History of a challenge: right to education
Malala Yousafzai was born in 1997 in Mingora (Pakistan), and in October 2014, at age 17, he received the Nobel Peace Prize and became the youngest person awarded with this award in any of its categories throughout history.
In early 2009, when she was not yet 12 years old, Malala started writing a blog on the BBC, in the Urdu language, under the pseudonym Gul Makai. In his stories he was telling the passage of his life under the regime of the feared Tehrik e Taliban Pakistan (TTP), a terrorist group linked to the Taliban, which was trying to take control of the valley of the Swat River. The private schools had been ordered to close through a Taliban edict that It also prohibited the education of girls. They tried to impose their interpretation of Sharia and had destroyed about 150 schools in the last year.
Malala continued to write on that blog and was increasingly known for her lively defense of civil rights. But its definitive launch was the summer of that same year 2009, with the documentary Class Dismissed: The Death of Female Education, directed by Adam Ellick and Irfan Asharaf, of the New York Times, which showed the life of Malala and her father, Ziauddin Yousafzai, and how the education of women was almost impossible in those places.
On October 9, 2012 Malala was the victim of an attack in Mingora by a TTP militiaman.

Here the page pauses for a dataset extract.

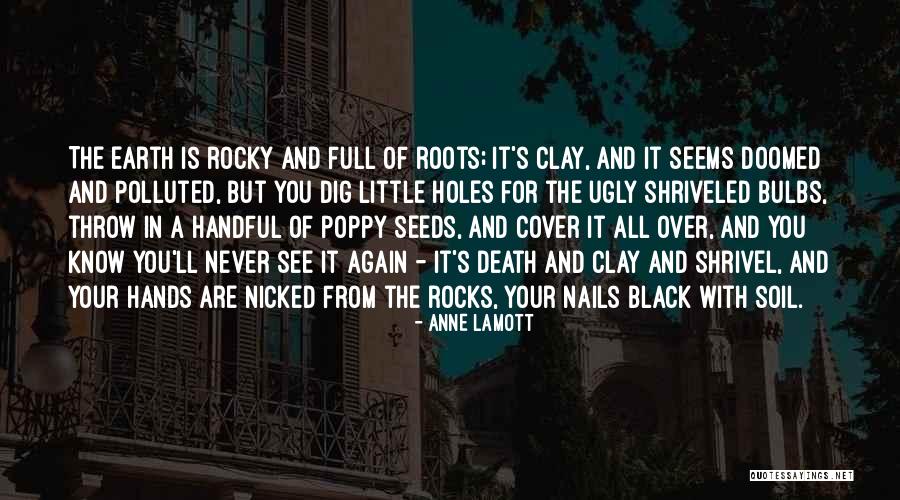 Morello Cherries Quotes By Anne Lamott Morello Cherries Quotes By Anne Lamott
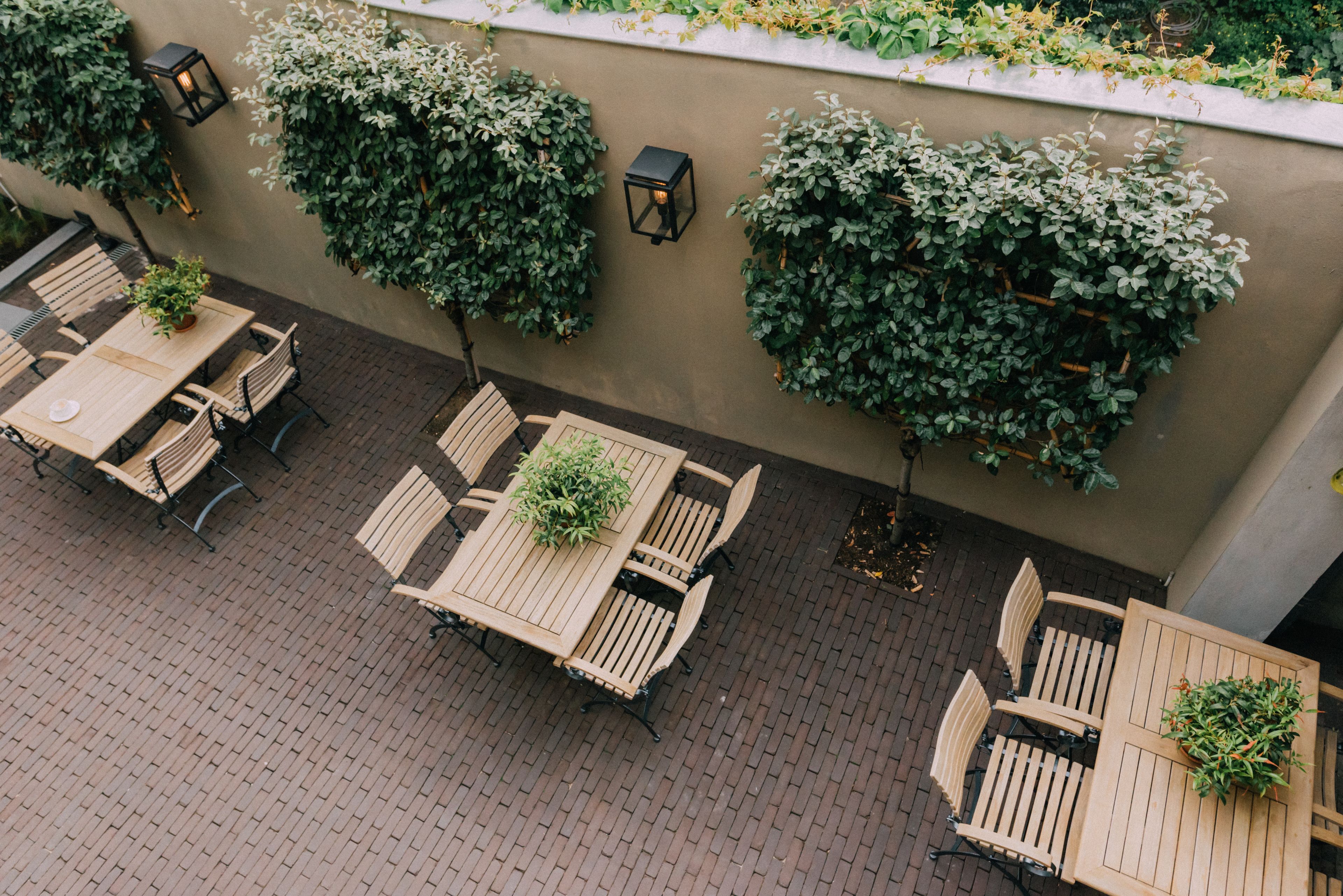 En udendørs patio med træborde og stole, omgivet af frodige grønne planter og slyngplanter på væggene.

That man, after boarding the vehicle that served as a school bus, shot him repeatedly with a pistol and bullets hit his skull and neck.
TTP spokesman Ehsanullah Ehsan said they would try to kill her again. The attack immediately gave rise to international condemnation and within 15 days she was transferred to Queen Elizabeth Hospital in Birmingham, UK, to continue her recovery, where she had to continue with rehabilitation and underwent reconstructive surgery.

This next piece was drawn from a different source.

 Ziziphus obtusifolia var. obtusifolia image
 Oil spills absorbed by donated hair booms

After implanting a titanium plate and a hearing device, Malala returned to classes at a British high school in Birmingham: "Going back to school makes me very happy." My dream is that every child in the world can go to school because It is your basic right, "he said in a statement to the press.

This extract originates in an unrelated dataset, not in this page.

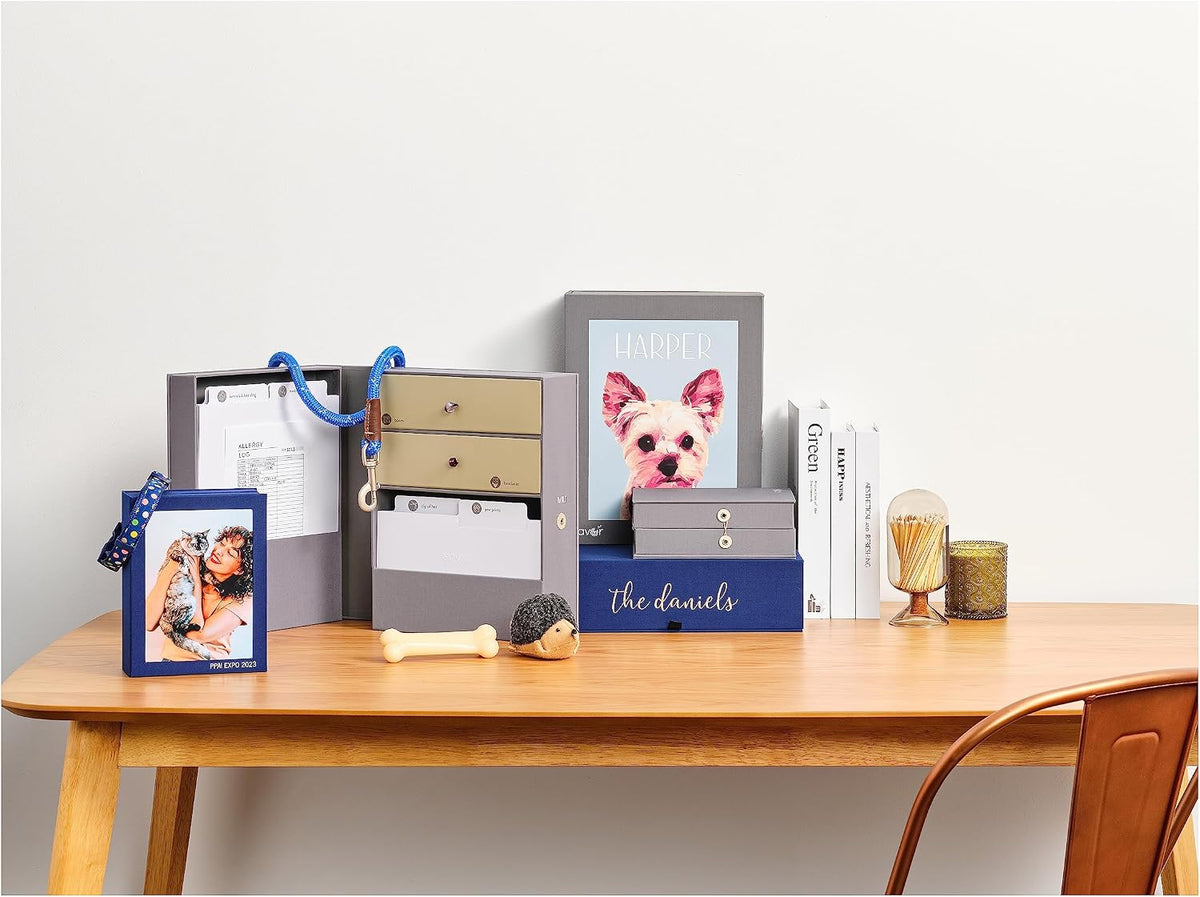 Savor | All-in-One Desk Organizer | Blue – Keep Desk, Office, and Home Organized All-in-One Storage System for Important Files, Documents, Stationery, and Office Supplies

Malala Yousafzai has become an iconic symbol of the universal right of girls to education. With her struggle and her courage, she has become a leading spokesperson for women's rights. "He has shown by his example, under the most dangerous circumstances, that children and young people can also contribute to improving their own situation," said the statement of the committee that awarded the Nobel Prize.
In his memoir I Am Malala: The Girl Who Stood Up for Education and Was Shot by the Taliban He tells how the whole story that made him famous began.
He knows that he has become a global symbol, and he knows that terrorists fear a girl more with a book than with an army.
To improve the world we live in, education and courage are truly decisive transforming factors. The audacious testimony of this young Pakistani blogger, unknown to everyone, has become a universal cry for her rights. A girl from one of the most abandoned areas of the world achieves, with her determination and courage, to put in check all the barbarism that had terrified the country.
There is a phrase that never tires of repeating: "A child, a teacher, a book, a pen can change the world". He proclaims it with roundness, between defiant and grateful. His example speaks to us of courage and intelligence, of culture and determination, of the power of words and reason against the overwhelming weakness of unreason.